**Provided material**
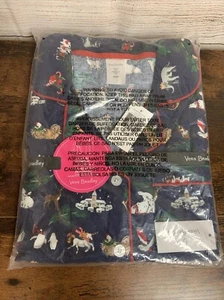 VERA BRADLEY SNOW GLOBE MOTIFS FLANNEL PAJAMA SET COTTON MEDIUM NWT CHRISTMAS - Picture 1 of 5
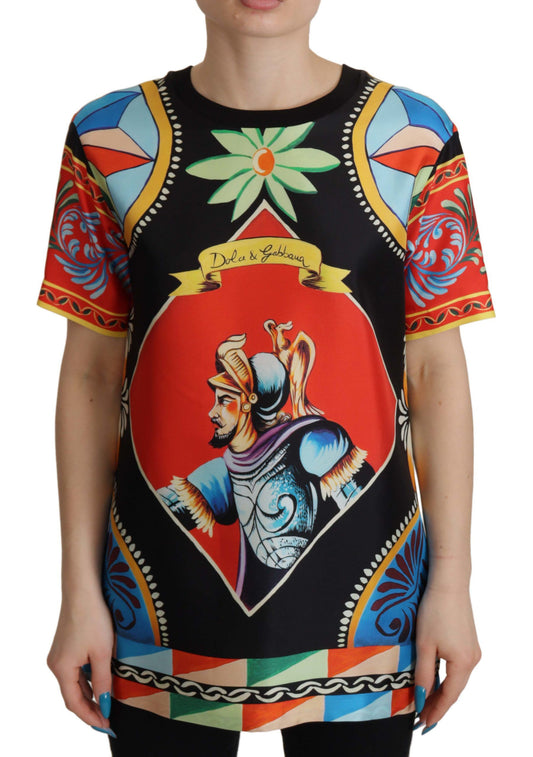 Dolce & Gabbana Multicolor-Soldat Carretto Silk Top T-Shirt
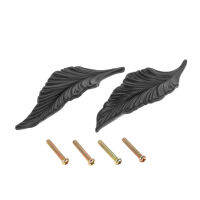 2pcs Elegant Black Leaf Handle 32mm Hole Pull Knob wscrew Vein Pattern Creative Decor Furniture Cabinet Drawer Kitchen Bathroom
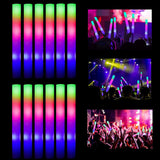 50-100pc LED Foam Sticks Flashing MultiColor Glow In Dark Light Up Party Concert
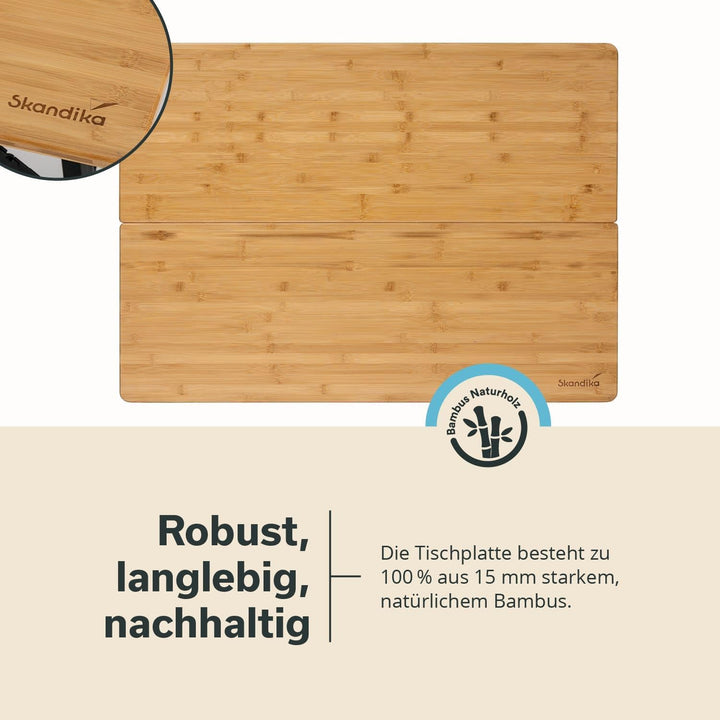 Skandika Campingtisch Tobro | Klapptisch mit Bambus Tischplatte, klappbar, stufenlos höhenverstellba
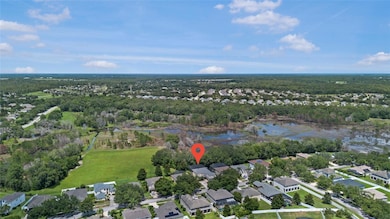 Overhead view of the home with conservation area behind the home.  The property is high and dry!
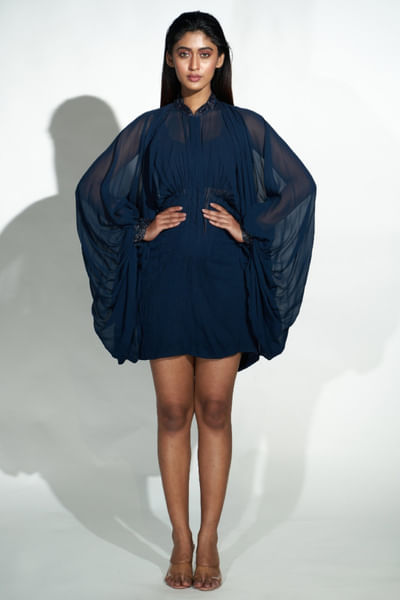 Navy blue embroidered pleated dress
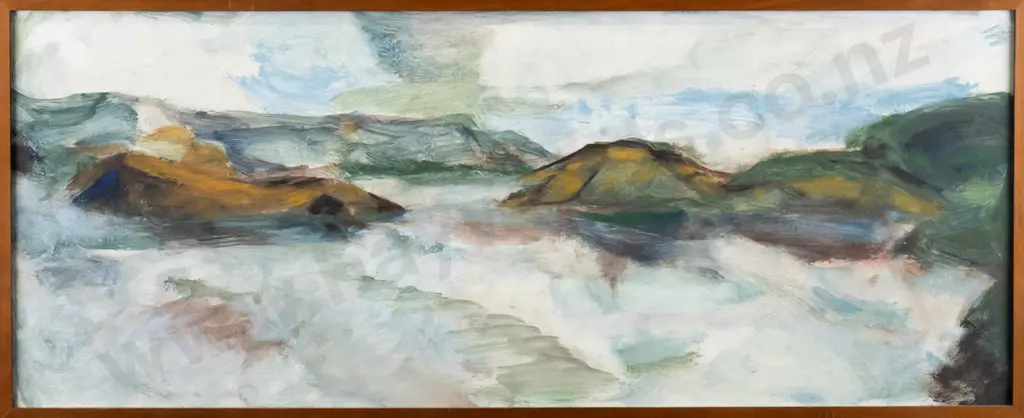 Anna Caselberg - framed oil on board - Otago Harbour H-270 W-680 Image 1++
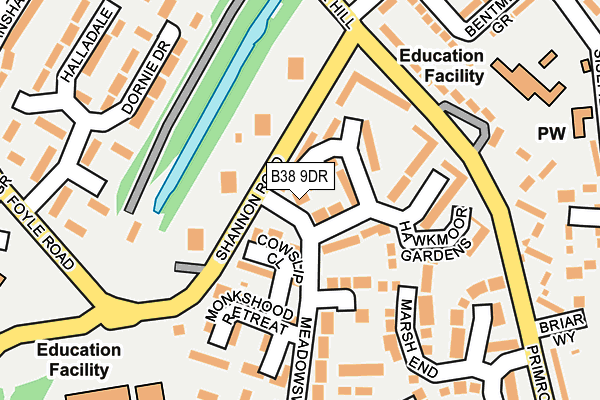 B38 9DR map - OS OpenMap – Local (Ordnance Survey)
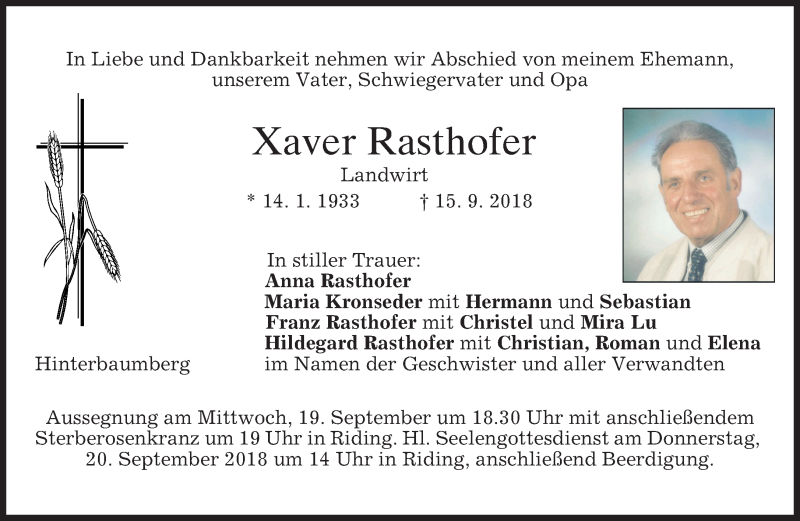  Traueranzeige für Xaver Rasthofer vom 18.09.2018 aus merkurtz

**What you will do**
Set down again, exactly, the lines from the one with "50-100pc LED Foam" to the last line of the data, both included and pictures excluded.

**Answer space**
 50-100pc LED Foam Sticks Flashing MultiColor Glow In Dark Light Up Party Concert
 Skandika Campingtisch Tobro | Klapptisch mit Bambus Tischplatte, klappbar, stufenlos höhenverstellba
 Overhead view of the home with conservation area behind the home.  The property is high and dry!
 Navy blue embroidered pleated dress
 Anna Caselberg - framed oil on board - Otago Harbour H-270 W-680 Image 1++
 B38 9DR map - OS OpenMap – Local (Ordnance Survey)
  Traueranzeige für Xaver Rasthofer vom 18.09.2018 aus merkurtz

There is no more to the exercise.